Wednesday, December 21, 2011

Review - Sherlock Holmes: A game of shadows

I went to watch Sherlock Holmes 2 with some degree of enthusiasm. The inevitable "sequel letdown" phenomenon notwithstanding (Godfather 2 and the Star Wars sequels are some rare exceptions to this phenomenon), I was expecting a good performance by RDJ, whose portrayal of Holmes in the first film I thoroughly enjoyed.

However, I was disappointed by the movie, not because it is bad (in fact, it is an entertaining flick on the whole) but because it bills itself as something it is not. It purports to be a Sherlock Holmes movie, but apart from character names and very loose plot points, it does not resemble or faithfully represent any element of the original stories. The Holmes I grew up to enjoy and worship is a Holmes who solves cases by thinking. He listens to his clients and shuts himself up in his room, emerging only to use Watson as a sounding board. He does not like to leave his apartment and detests most forms of human contact, and engages in both of these activities only when absolutely necessary. Although an accomplished fighter, he never fights and I vaguely recall only two (maybe three) stories where he chases someone. To be fair, the first movie did away with a lot of these character traits mostly because of pragmatic and commercial concerns (a movie showing RDJ brooding on a divan playing shitty violin wouldn't be as fun, nor would it rake in half a billion dollars), and I understand that. When you make a movie, your primary goal is to broaden the audience for the story you are basing the movie on and make money.

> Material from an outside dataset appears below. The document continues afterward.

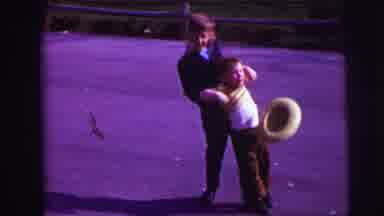 Lynbrook New York (1973): Boy Wearing Black Suit Swings Boy With Cowboy Hat In A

But the second movie did away with Holmesianisms out of pure recklessness. They knew they could get away with it. Instead of a well-designed story, we get a corny plot (world domination! Europe on the brink of mechanized war!) that lurches from one European locale to another with little logic or explanation. There are a lot of fight scenes, an obligatory train scene, and and extended escape from the dungeon of doom munitions factory scene. And slow motion. Lots and lots of slow motion. Director Guy Ritchie must have a fetish for slow-mo - how else would you explain that there is a slow-mo scene roughly every 12 minutes?

The movie does have some redeeming qualities. Lane Pryce  Jared Harris does a splendid job as Professor Moriarty, and Stephen Fry makes the most of his portrayal of Mycroft, Sherlock's elder brother ("I am the other Holmes", he chortles at one point).

Bottom line: if you go in expecting a movie that tries its best to balance SH plot points with mass audience pleasing action montages, you will be angry. If you want a generic, snazzy action flick with character names that resemble those created by Arthur Conan Doyle, you'll be fine.